Data:
——

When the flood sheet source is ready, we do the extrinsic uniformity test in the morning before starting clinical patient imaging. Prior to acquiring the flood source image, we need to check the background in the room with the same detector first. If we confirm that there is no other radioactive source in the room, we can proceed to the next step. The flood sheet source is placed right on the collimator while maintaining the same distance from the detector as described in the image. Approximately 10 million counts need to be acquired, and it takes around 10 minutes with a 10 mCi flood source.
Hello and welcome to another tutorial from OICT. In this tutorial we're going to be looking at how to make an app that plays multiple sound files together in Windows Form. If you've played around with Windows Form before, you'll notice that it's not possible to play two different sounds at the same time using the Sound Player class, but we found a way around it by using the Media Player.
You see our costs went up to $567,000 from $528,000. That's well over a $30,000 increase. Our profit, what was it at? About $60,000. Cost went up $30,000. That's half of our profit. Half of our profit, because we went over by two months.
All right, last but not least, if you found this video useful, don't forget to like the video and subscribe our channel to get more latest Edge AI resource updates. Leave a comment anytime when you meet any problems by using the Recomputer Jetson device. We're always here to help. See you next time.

——

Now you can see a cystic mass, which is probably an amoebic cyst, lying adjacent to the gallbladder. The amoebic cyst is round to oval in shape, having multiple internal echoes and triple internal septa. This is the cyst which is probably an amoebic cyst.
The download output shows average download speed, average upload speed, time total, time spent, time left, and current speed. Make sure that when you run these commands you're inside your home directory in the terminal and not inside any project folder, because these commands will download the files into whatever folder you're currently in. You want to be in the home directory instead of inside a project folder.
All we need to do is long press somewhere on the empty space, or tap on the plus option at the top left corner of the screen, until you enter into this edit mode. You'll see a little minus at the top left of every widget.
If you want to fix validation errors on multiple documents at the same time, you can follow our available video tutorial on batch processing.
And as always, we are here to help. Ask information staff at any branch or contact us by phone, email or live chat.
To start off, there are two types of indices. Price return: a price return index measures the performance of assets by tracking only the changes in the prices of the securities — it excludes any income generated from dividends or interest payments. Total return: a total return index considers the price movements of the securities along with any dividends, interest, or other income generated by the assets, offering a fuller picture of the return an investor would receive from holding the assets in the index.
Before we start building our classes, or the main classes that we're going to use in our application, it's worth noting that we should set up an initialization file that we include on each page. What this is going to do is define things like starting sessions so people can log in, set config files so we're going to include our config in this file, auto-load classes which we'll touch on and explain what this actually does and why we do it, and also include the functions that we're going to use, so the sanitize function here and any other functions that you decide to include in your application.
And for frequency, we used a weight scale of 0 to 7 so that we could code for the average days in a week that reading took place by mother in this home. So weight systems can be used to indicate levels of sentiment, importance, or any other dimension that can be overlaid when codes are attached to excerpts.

——

Assignment:
Collect every line with the string "video" from the records, and copy each.

Solution for this problem:
All right, last but not least, if you found this video useful, don't forget to like the video and subscribe our channel to get more latest Edge AI resource updates. Leave a comment anytime when you meet any problems by using the Recomputer Jetson device. We're always here to help. See you next time.
If you want to fix validation errors on multiple documents at the same time, you can follow our available video tutorial on batch processing.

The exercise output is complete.